If it takes a collision rate > ~10^-6 to cause a noticable change in engine ELO and 20 excess bit in the key vice the number of table entries will produce an error rate of about 10^-6 then it would appear that table sizes as large as 16 trillion entries (2^44 entries) would be possible.
I know what a lot of you are thinking, you're thinking that when the number of table entries exceeds the square root of the possible number of zorbist keys collisions become almost gauranteed. While this may be true, It doesn't tell you how many collisions you will have, just that the probability of having at least one becomes very large. In a table of 2^44 entries you have to have greater than 2^24 probes that return invalid data due to a false positive per 2^44 probes to have an error rate of ~10^-6.

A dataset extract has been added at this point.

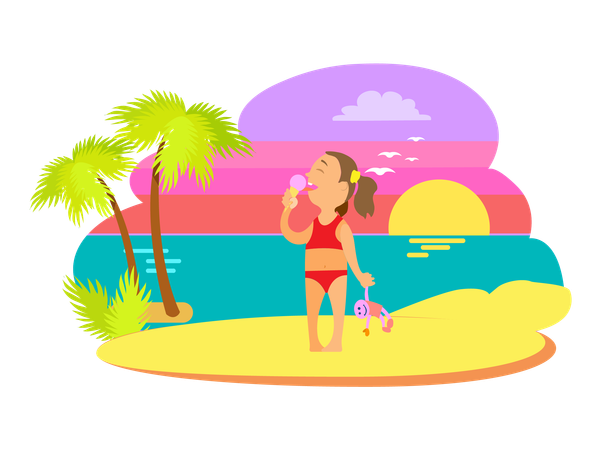 Girl is enjoying her ice cream at beach  Illustration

In any case, I don't think this can be tested on a full 64-bit key because of the amount of TT memory needed and the amount of time required to generate the required numbe of cache probes. i.e. a machine probing at 100,000,000 nodes per second would require over 2.5 months to completely fill the table.
Thoughts?
Regards,
Zen
It is an issue. But from the paper Cozzie and I wrote, I don't worry about collisions causing problems with game play, but in my case, I have to be ultra-careful about illegal moves that can corrupt the board since Crafty doesn't do copy/make. If I make a castle move when it is not legal (king or rook has moved, I am doomed because there is now at least one extra piece on the board, I might have lost an opponent's piece, and there is no way to recover, leaving the board corrupted which will eventually lose the game. Or create two kings when that side can now never be checkmated.
So I screen moves to the best of my ability (within computational time constraints) and don't give a second thought to the occasional incorrect evaluation.